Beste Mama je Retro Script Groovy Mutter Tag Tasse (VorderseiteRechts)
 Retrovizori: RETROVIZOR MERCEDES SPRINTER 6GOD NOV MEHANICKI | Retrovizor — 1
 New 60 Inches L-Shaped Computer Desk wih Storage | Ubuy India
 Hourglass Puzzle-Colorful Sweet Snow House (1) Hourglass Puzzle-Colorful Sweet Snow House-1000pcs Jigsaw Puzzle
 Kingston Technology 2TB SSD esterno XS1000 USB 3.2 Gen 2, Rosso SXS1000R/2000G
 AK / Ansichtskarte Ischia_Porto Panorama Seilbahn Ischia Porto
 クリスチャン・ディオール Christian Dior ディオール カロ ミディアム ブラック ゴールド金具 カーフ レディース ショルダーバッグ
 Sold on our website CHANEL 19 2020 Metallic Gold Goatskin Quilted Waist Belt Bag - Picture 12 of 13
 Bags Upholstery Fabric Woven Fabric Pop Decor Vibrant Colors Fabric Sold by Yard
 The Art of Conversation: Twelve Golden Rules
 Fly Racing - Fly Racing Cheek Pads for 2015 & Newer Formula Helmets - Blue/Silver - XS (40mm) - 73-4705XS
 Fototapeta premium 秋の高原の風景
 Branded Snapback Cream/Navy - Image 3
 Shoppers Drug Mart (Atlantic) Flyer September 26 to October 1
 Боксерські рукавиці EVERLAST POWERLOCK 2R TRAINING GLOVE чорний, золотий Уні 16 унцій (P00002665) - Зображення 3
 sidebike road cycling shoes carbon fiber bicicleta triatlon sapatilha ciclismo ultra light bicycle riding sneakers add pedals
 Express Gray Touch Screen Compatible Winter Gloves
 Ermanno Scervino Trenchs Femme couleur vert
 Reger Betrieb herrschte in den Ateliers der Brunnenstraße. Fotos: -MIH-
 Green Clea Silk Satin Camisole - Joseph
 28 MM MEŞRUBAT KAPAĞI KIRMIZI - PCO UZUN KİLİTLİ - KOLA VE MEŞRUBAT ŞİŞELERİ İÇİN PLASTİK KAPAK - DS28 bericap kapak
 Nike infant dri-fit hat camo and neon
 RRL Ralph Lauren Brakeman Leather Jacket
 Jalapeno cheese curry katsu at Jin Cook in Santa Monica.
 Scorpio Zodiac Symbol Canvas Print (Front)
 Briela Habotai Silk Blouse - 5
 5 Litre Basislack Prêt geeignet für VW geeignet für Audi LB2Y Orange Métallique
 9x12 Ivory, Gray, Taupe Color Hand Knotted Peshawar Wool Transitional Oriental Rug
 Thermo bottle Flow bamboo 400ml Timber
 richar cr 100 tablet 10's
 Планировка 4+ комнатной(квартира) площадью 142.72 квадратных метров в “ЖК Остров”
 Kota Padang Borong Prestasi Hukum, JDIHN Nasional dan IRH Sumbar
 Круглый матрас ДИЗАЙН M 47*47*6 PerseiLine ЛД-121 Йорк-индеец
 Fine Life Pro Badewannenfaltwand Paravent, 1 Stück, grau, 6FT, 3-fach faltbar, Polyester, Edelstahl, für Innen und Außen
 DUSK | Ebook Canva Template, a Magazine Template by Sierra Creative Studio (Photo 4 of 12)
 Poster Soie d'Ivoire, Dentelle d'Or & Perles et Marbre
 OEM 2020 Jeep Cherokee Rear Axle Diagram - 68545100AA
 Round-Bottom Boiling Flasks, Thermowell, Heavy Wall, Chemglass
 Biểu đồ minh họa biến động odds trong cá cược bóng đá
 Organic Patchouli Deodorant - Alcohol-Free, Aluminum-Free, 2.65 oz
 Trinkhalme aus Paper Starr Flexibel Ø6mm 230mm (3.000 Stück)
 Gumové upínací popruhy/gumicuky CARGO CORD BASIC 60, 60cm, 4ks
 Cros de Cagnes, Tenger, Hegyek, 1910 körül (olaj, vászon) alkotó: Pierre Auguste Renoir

------------------------------------------------------------

Problem to work on:
Reproduce word for word the material above, beginning with the line that contains "Scorpio Zodiac Symbol Canvas Print (Front)" and ending with the line that contains "9x12 Ivory, Gray, Taupe".

Exercise answer:
 Scorpio Zodiac Symbol Canvas Print (Front)
 Briela Habotai Silk Blouse - 5
 5 Litre Basislack Prêt geeignet für VW geeignet für Audi LB2Y Orange Métallique
 9x12 Ivory, Gray, Taupe Color Hand Knotted Peshawar Wool Transitional Oriental Rug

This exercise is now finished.